If infer_datetime_format was deprecated, I do like @rhshadrach's suggestion https://github.com/pandas-dev/pandas/pull/48621#issuecomment-1250390925 of making guess_datetime_format public such that existing "functionality" isn't lost while making to_datetime stricter as the prior behavior would be essentially equivalent to:
to_datetime(arg, format=pd.tools.guess_datetime_format(arg[0]))
+1 on the big picture. Implementation-wise, is the idea to pretty much replace our usage of dateutil.parser?
Thanks
dateutil.parser would still be used within guess_datetime_format, but then subsequent rows would be parsed with that guessed format rather than repeatedly calling dateutil.parser and risk having it silently switch format
I'm also on board with the suggestion to make guess_datetime_format public
Thanks all for your feedback, I'll incorporated some points into the document
There's been a couple of approvals, so for now I've changed the status to accepted
There's been 3 explicit approvals from core members, no "requested changes", and this has been open all week, so merging now
Thanks all for the discussion, aiming to start working on this soon-ish
I couldn't review before merged, but happy with the proposal here, really nice improvement.
I'm curious what's the suggested workaround mentioned in the PDEP for parsing columns with different formats. Should we mention it in the PDEP? Or the idea is to write it in the logs when implemented?
Also, seems like few formats are broken when rendered: https://pandas.pydata.org/pdeps/0004-consistent-to-datetime-parsing.html
Thanks - yeah it's mentioned at the end of "detailed description"
If a user has dates in a mixed format, they can still use flexible parsing and accept the risks that poses, e.g.:
In [3]: pd.Series(['12-01-2000 00:00:00', '13-01-2000 00:00:00']).apply(pd.to_datetime) Out[3]: 0 2000-12-01 1 2000-01-13 dtype: datetime64[ns]
I'm curious what's the suggested workaround mentioned in the PDEP for parsing columns with different formats.
One way I read this question (and not sure if it's the right way) is if a frame has two columns each with a different (but self-consistent) format. They would be parsed individually, is that correct @MarcoGorelli?
Ah apologies, I'd misunderstood
I presume you mean in read_csv? If so, then yes, e.g.:
data = io.StringIO('13-01-2000 00:00,13 Jan 2000\n14-01-2000 00:00,14 Jan 2000\n')
print(pd.read_csv(data, header=None, parse_dates=[0, 1]))
would give
0 1
0 2000-01-13 2000-01-13
1 2000-01-14 2000-01-14
Each columns were parsed according to the format inferred from its respective first row.

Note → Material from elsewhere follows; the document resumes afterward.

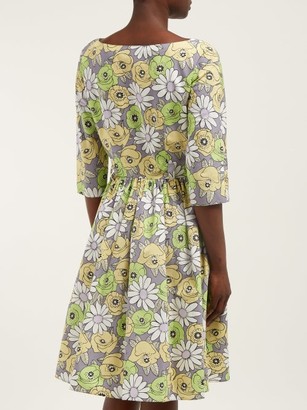 Prada Blossom-print Cotton Poplin Smock Dress - Grey Multi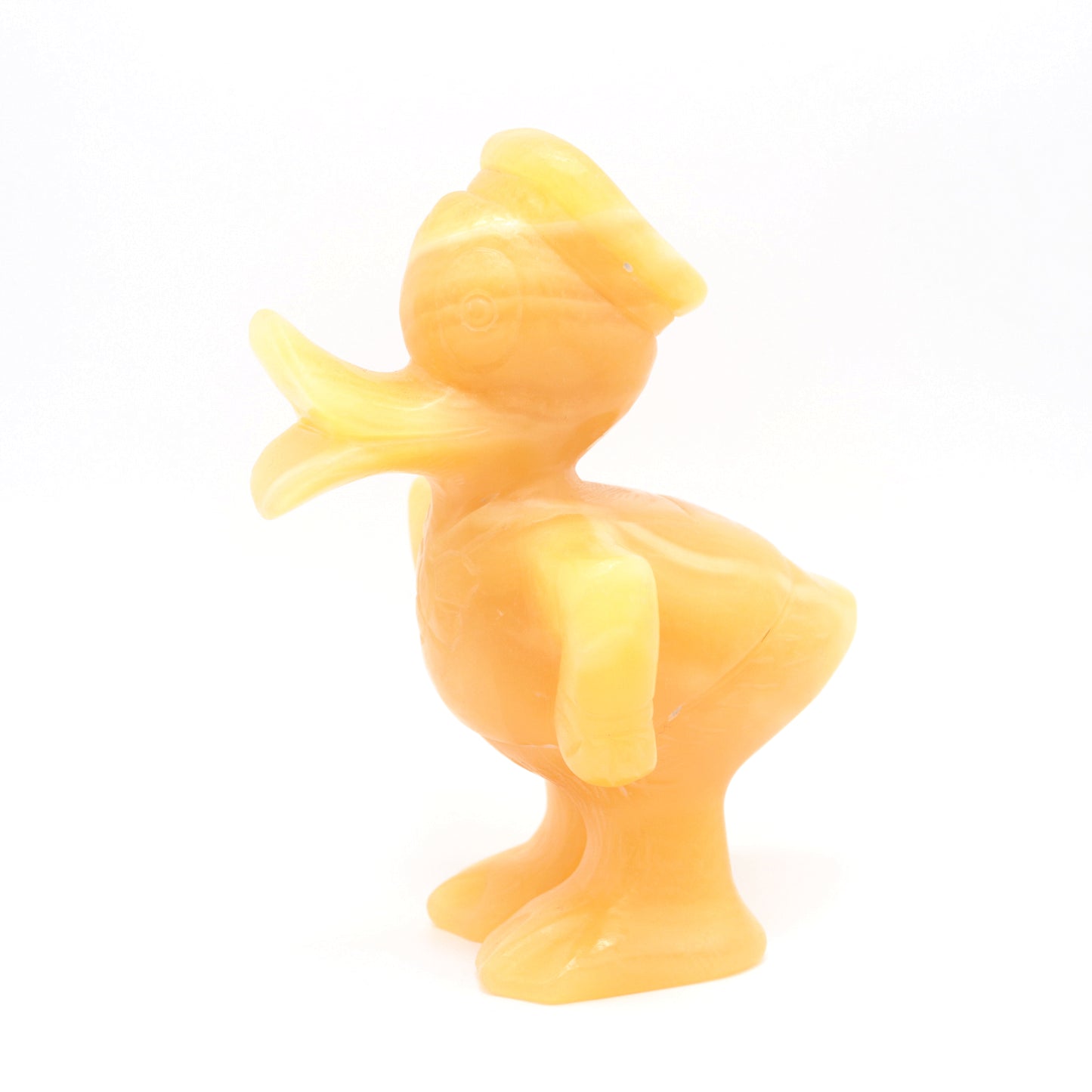 4.5" Natural Yellow calcite Donald Duck Statue Crystal Duck Carving Reiki Gift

If the first row of the first column had been 12-01-2000 00:00, then the inferred format would've been month-first, and so read_csv would've returned it unaltered as object, whilst the second column would still have been successfully converted
This wouldn't deviate from the current behaviour
Actually what I had in mind was answered in the first answer, I don't think my question was very clear. I missed the workaround when reading the PDEP, sorry.
@MarcoGorelli was PDEP-4 fully implemented? Should we change its state to Implemented?
Also, I see there was a revision. Would it make sense to add the link to the revision PR to Discussion field, next to the original one?